KEP-2025: Extending Apiserver Network Proxy to handle traffic originated from Node network
KEP-2025: Extending Apiserver Network Proxy to handle traffic originated from Node network
- Release Signoff Checklist
- Summary
- Motivation
- Definitions
- Proposal
- Design Details
- Production Readiness Review Questionnaire
- Implementation History
- Drawbacks
- Alternatives
- Infrastructure Needed (Optional)
Release Signoff Checklist
Items marked with (R) are required prior to targeting to a milestone / release.
- (R) Enhancement issue in release milestone, which links to KEP dir in kubernetes/enhancements (not the initial KEP PR)
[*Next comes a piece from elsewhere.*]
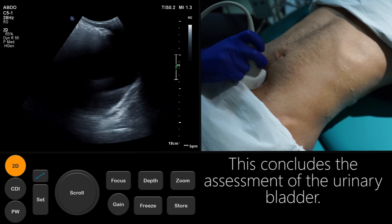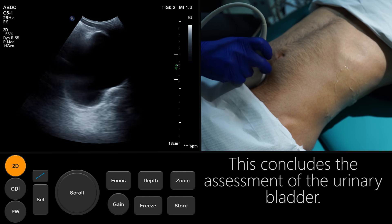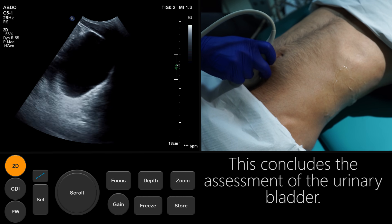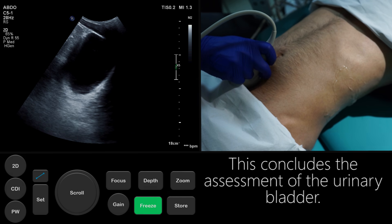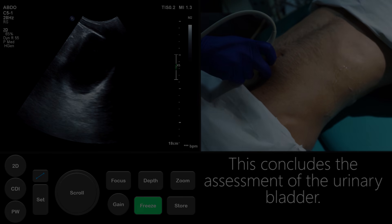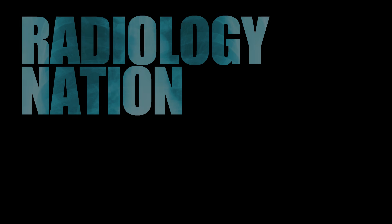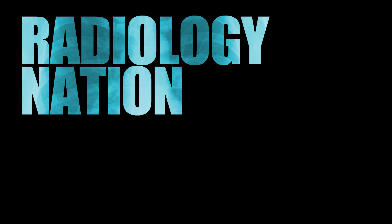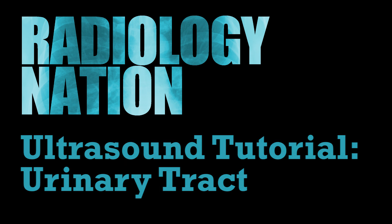This concludes the assessment of the urinary bladder. Throughout this video, we have demonstrated the technique for ultrasound assessment of the urinary tract, highlighting the relevant anatomy and pathology along the way. This should provide the basis for you to practice and perfect your own method.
- (R) KEP approvers have approved the KEP status as
implementable - (R) Design details are appropriately documented
- (R) Test plan is in place, giving consideration to SIG Architecture and SIG Testing input
- (R) Graduation criteria is in place
- (R) Production readiness review completed
- Production readiness review approved
- “Implementation History” section is up-to-date for milestone
- User-facing documentation has been created in kubernetes/website , for publication to kubernetes.io
- Supporting documentation—e.g., additional design documents, links to mailing list discussions/SIG meetings, relevant PRs/issues, release notes
Summary
The goal of this proposal is to allow traffic to flow from the Node Network to the Master Network, when those networks are otherwise isolated and there is a desire not to expose the Kubernetes API Server publicly.
Motivation
API server network proxy has been originally introduced to allow running the cluster nodes on distinct isolated networks with respect to the one hosting the control plane components. This provides a way to handle traffic originating from the Kube API Server and going to the node networks. When using this setup, there are no other options than to directly expose the KAS to the Internet or setting up a VPN to handle traffic originated from the cluster nodes (i.e. Kubelet, pods). Exposing Konnectivity Proxy Server only would add an additional layer of security, given that the tunnels with proxy agents are secured with mTLS or Token authentication. This would protect it, for instance, from KAS misconfigurations or vulnerabilities that could expose sensitive information and/or access to unauthenticated users. Furthermore there is no standard solution for this kind of setup. It is possible to rely on VPNs for example to achieve a similar goal, but this requires specific implementations. What we propose here is to build on top of what we have, and having a consistent approach for master to node and node to master communications. Extending the API server network proxy to allow handling traffic in both directions seems to be the most consistent approach to address this issue. Moreover, this will provide the possibility of routing agents’ traffic to their dedicated KAS based on SNI, enabling the option of load balancing traffic directed to different clusters with a single load balancer.
Goals
- Handle requests from the nodes to the control plane. Enable communication from the Node Network to the Master Network without having to expose the KAS to the Node Network.
Non-Goals
- Define a mechanism for exchanging authentication information used for establishing the secure channels between agents and server (e.g. certificates, tokens).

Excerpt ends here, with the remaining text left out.